| Task prompt |
Set down nothing but the lines from the one containing "Rowery - Rower" to the final line of the material, exactly as written, and drop the pictures.
**** Extracted data ****
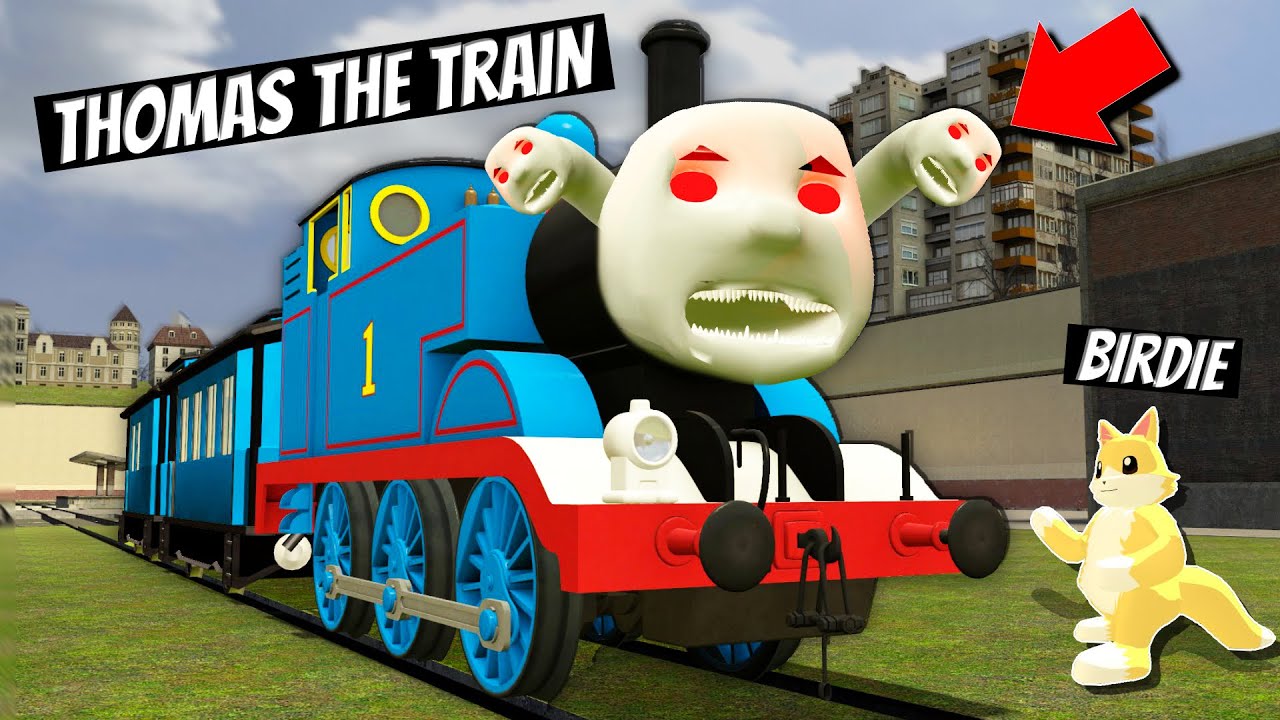 DO NOT ride THOMAS THE TRAIN.EXE.. 🚆 (DANGEROUS)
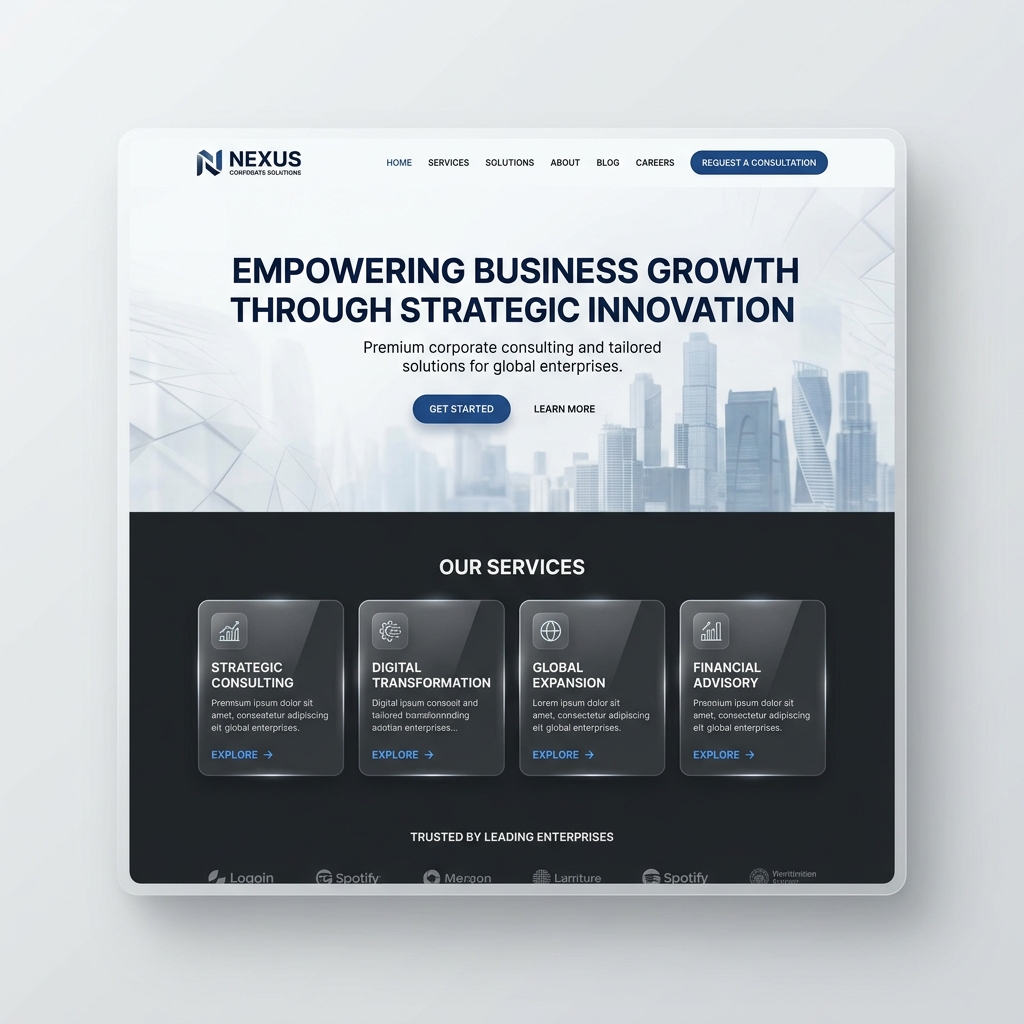 Professional Corporate Web Design Pakistan - BasiraSoft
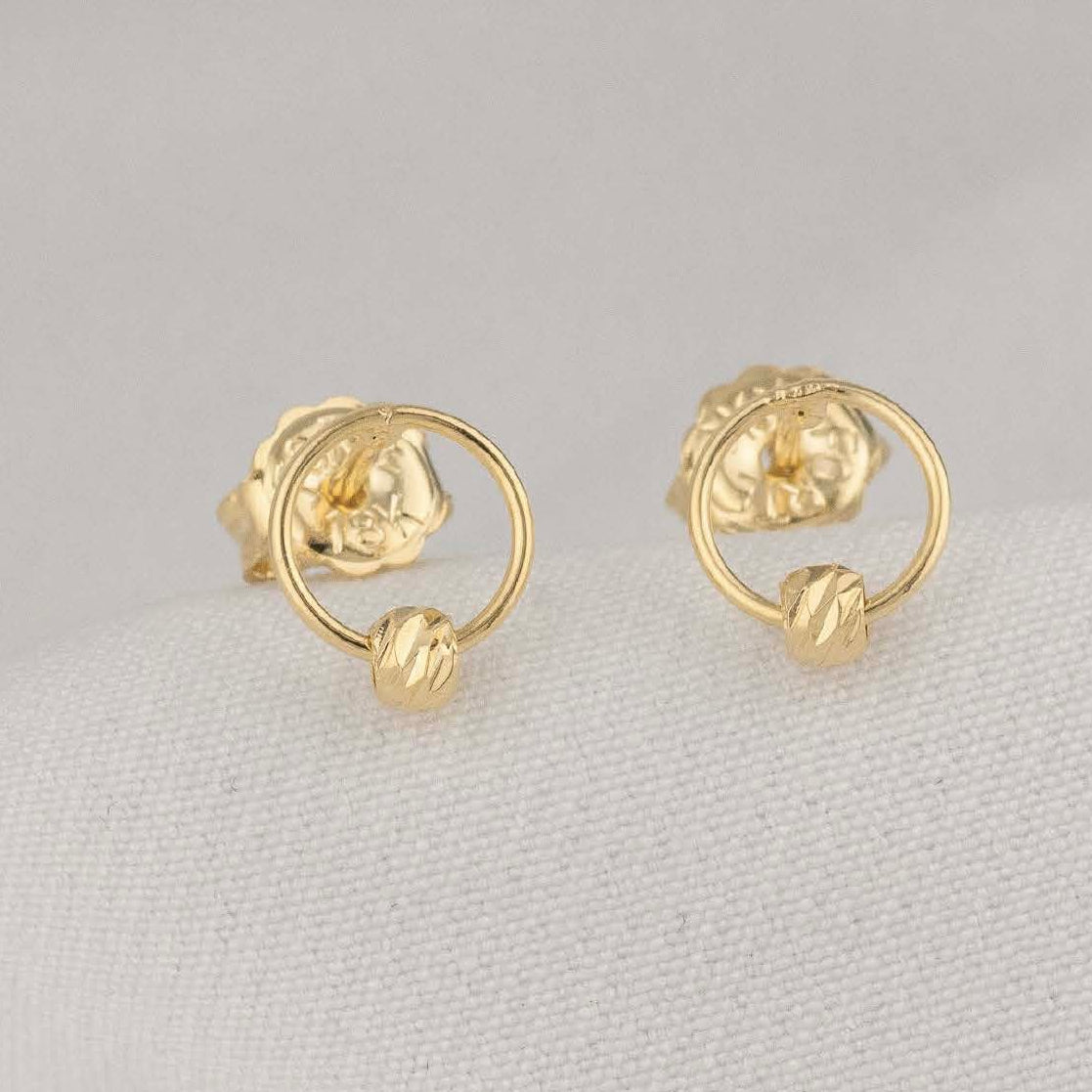 Topo Circulo Balin Diamantado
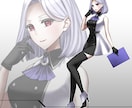 アイコン、立ち絵イラスト描きます スタイリッシュでカッコいい！！ イメージ4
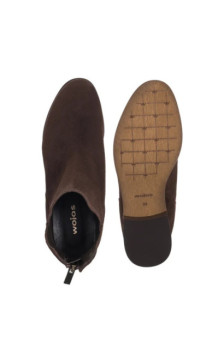 Wojas Ciemnobrązowe 55002-62 (WO79-c) kurpes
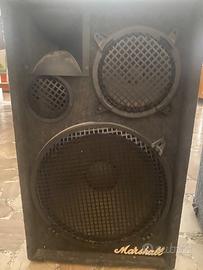 Casse Marshall + Mixer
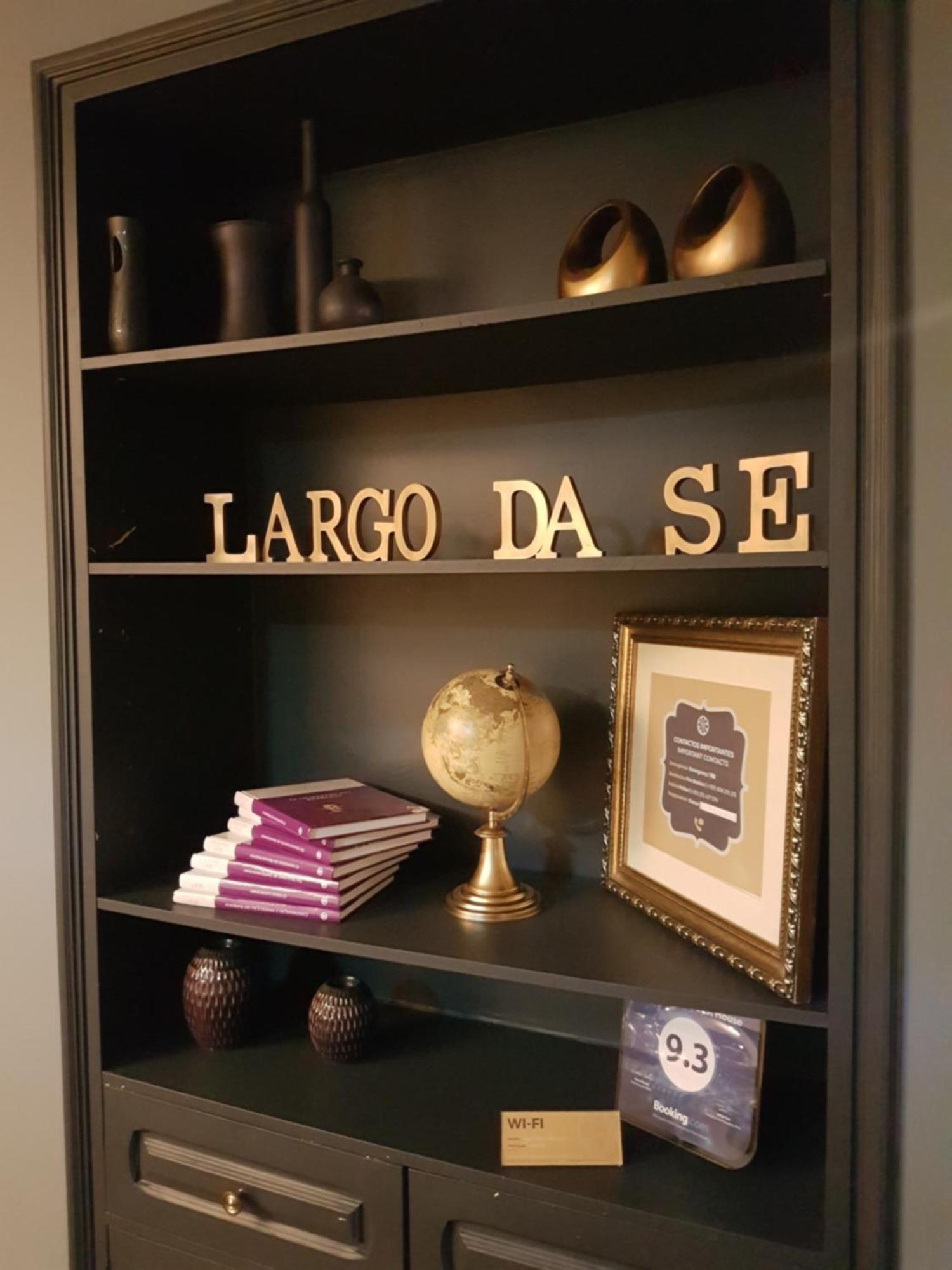 Largo Da Se Guest House - Horigem Lisbon Bagian luar foto
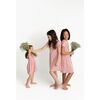 Floral Dress, Blush - Dresses - 4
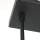 Gemütliche Hängelampe Schwarz Grün Metall Stoff 140 cm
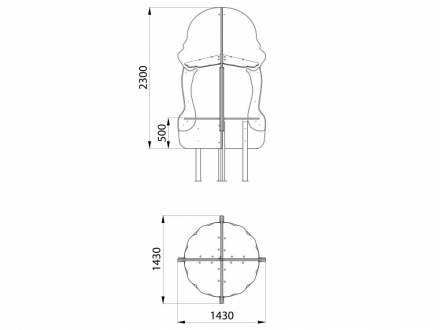 МФ 2.12 Столик Медуза, фото 2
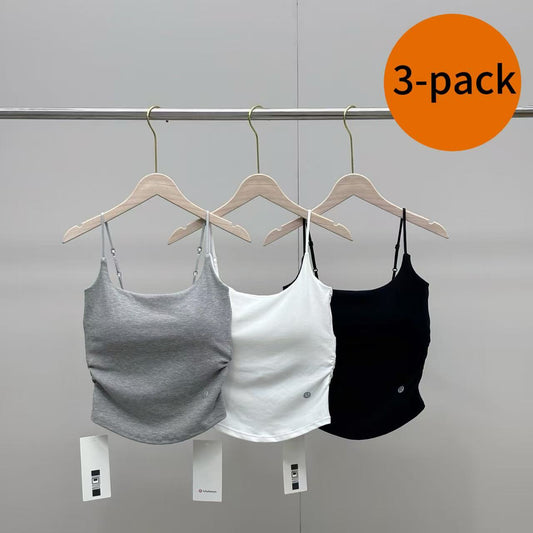3-pack 2026 New Stretch Camisole Tank Top
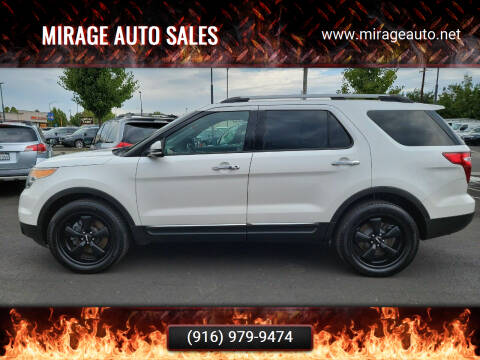 2014 Ford Explorer for sale at Mirage Auto Sales in Sacramento CA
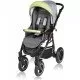 Carucior Vessanti Crooner 2 in 1 - Green/Gray Carucior Vessanti Crooner 2 in 1 - Green/Gray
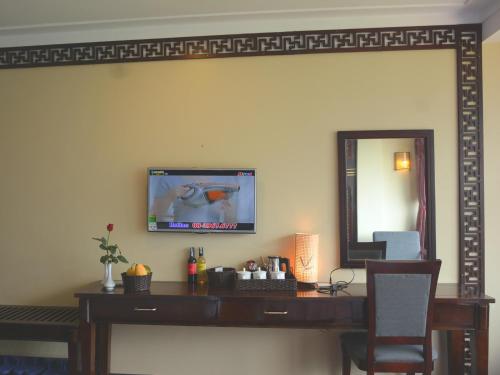 Μια τηλεόραση ή/και κέντρο ψυχαγωγίας στο Sapa Vista Hotel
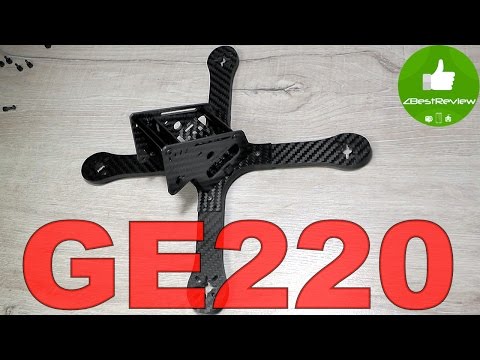 ✔ Сборка Необычной Карбоновой Рамы для FPV Квадрокоптера - GE220. Banggood! - UClNIy0huKTliO9scb3s6YhQ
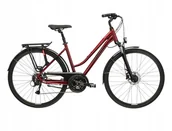 Rowery - Rower trekkingowy Trans 5.0 28 L - miniaturka - grafika 1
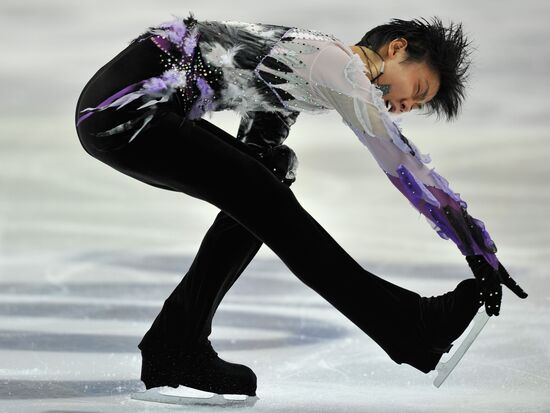 Men's Singles. Short Program. ISU Grand Prix of Figure Skating.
****
| Response to the exercise |
 Rowery - Rower trekkingowy Trans 5.0 28 L - miniaturka - grafika 1
 Men's Singles. Short Program. ISU Grand Prix of Figure Skating.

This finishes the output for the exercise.